▸ Task directions
Return the entries below in their exact form, leaving the pictures out.

━━ Records shown ━━

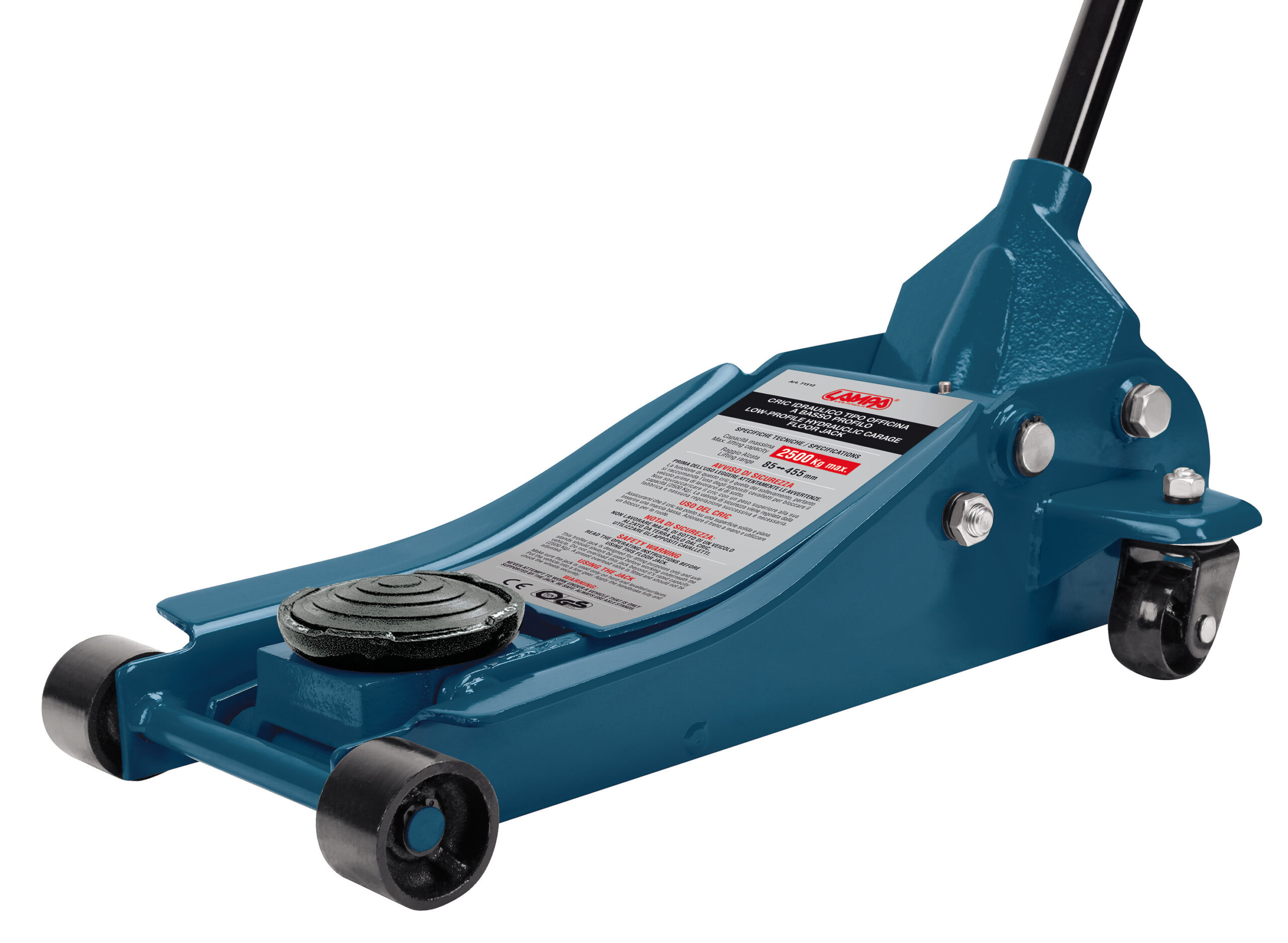 Cric idraulico a carrello, a basso profilo - 2.500 kg - immagine 3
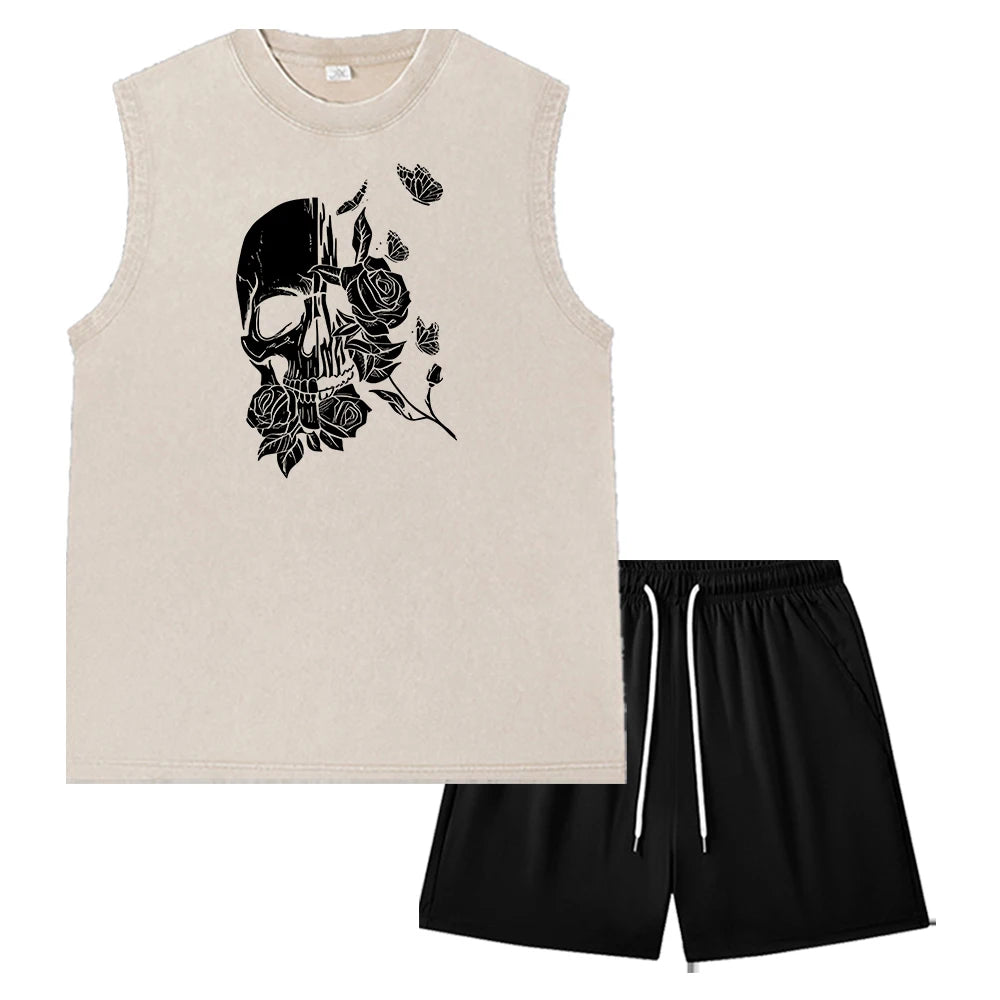 Summer Men's Casual Outfit Black Vintage Washed Tank Top & Quick Dry Double-Layer Beach Shorts Set Skull & Roses Graphic Print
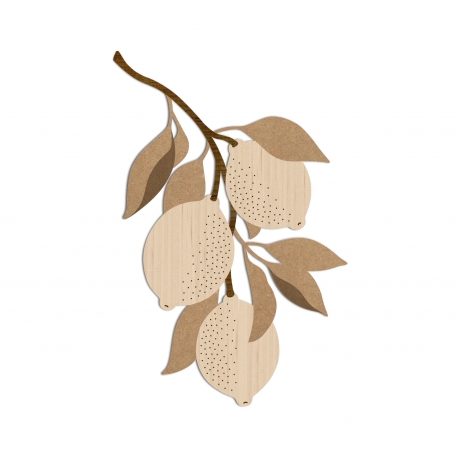 Thème citron, grappe de citrons décorative en bois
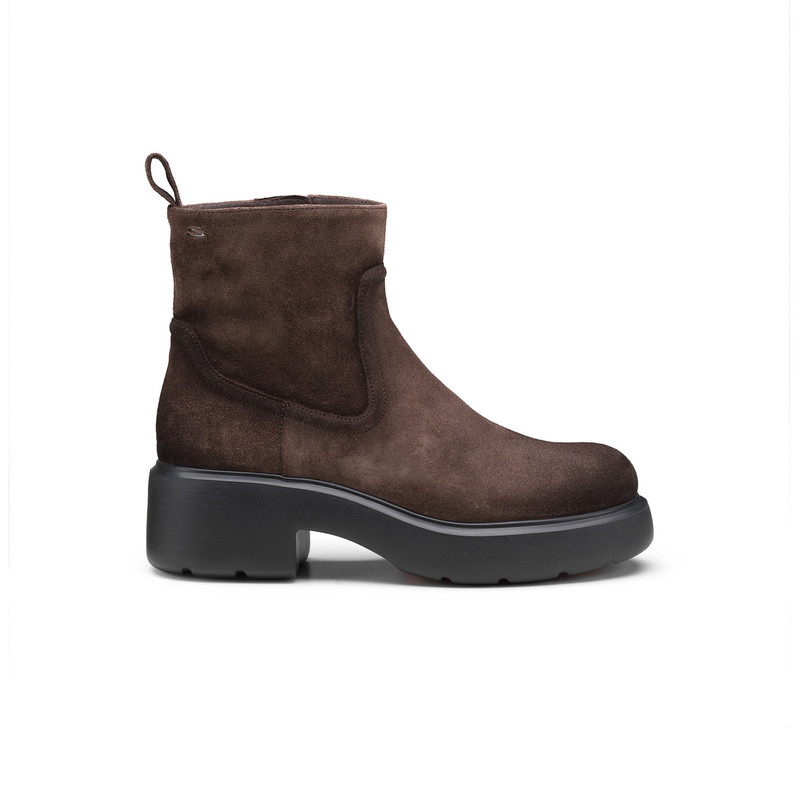 Women's dark brown suede Easy ankle boot 1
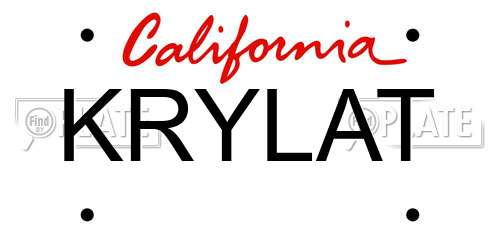 KRYLAT California License Plate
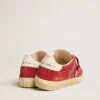 Soul Star da donna in pelle scamosciata rossa con linguetta sul tallone in pelle bianca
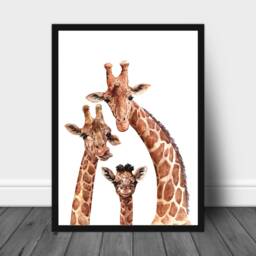Giraffe Family Wall Print Funky Animal Art - thumbnail 2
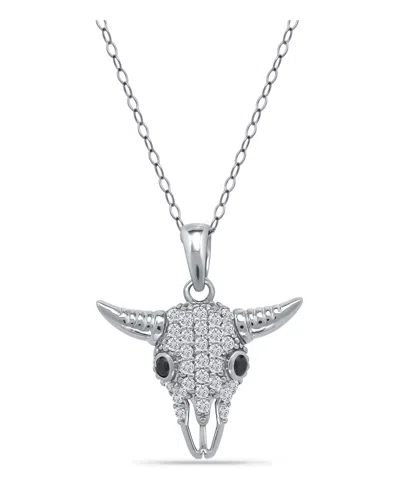 Giani Bernini Cubic Zirconia Pave Steer Head Pendant Necklace In Sterling Silver
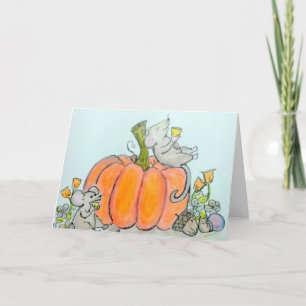 Harvest happy Thanksgiving or autumn card Mice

━━━

▸ Answer to this problem
 Cric idraulico a carrello, a basso profilo - 2.500 kg - immagine 3
 Summer Men's Casual Outfit Black Vintage Washed Tank Top & Quick Dry Double-Layer Beach Shorts Set Skull & Roses Graphic Print
 Thème citron, grappe de citrons décorative en bois
 Women's dark brown suede Easy ankle boot 1
 KRYLAT California License Plate
 Soul Star da donna in pelle scamosciata rossa con linguetta sul tallone in pelle bianca
Giraffe Family Wall Print Funky Animal Art - thumbnail 2
 Giani Bernini Cubic Zirconia Pave Steer Head Pendant Necklace In Sterling Silver
 Harvest happy Thanksgiving or autumn card Mice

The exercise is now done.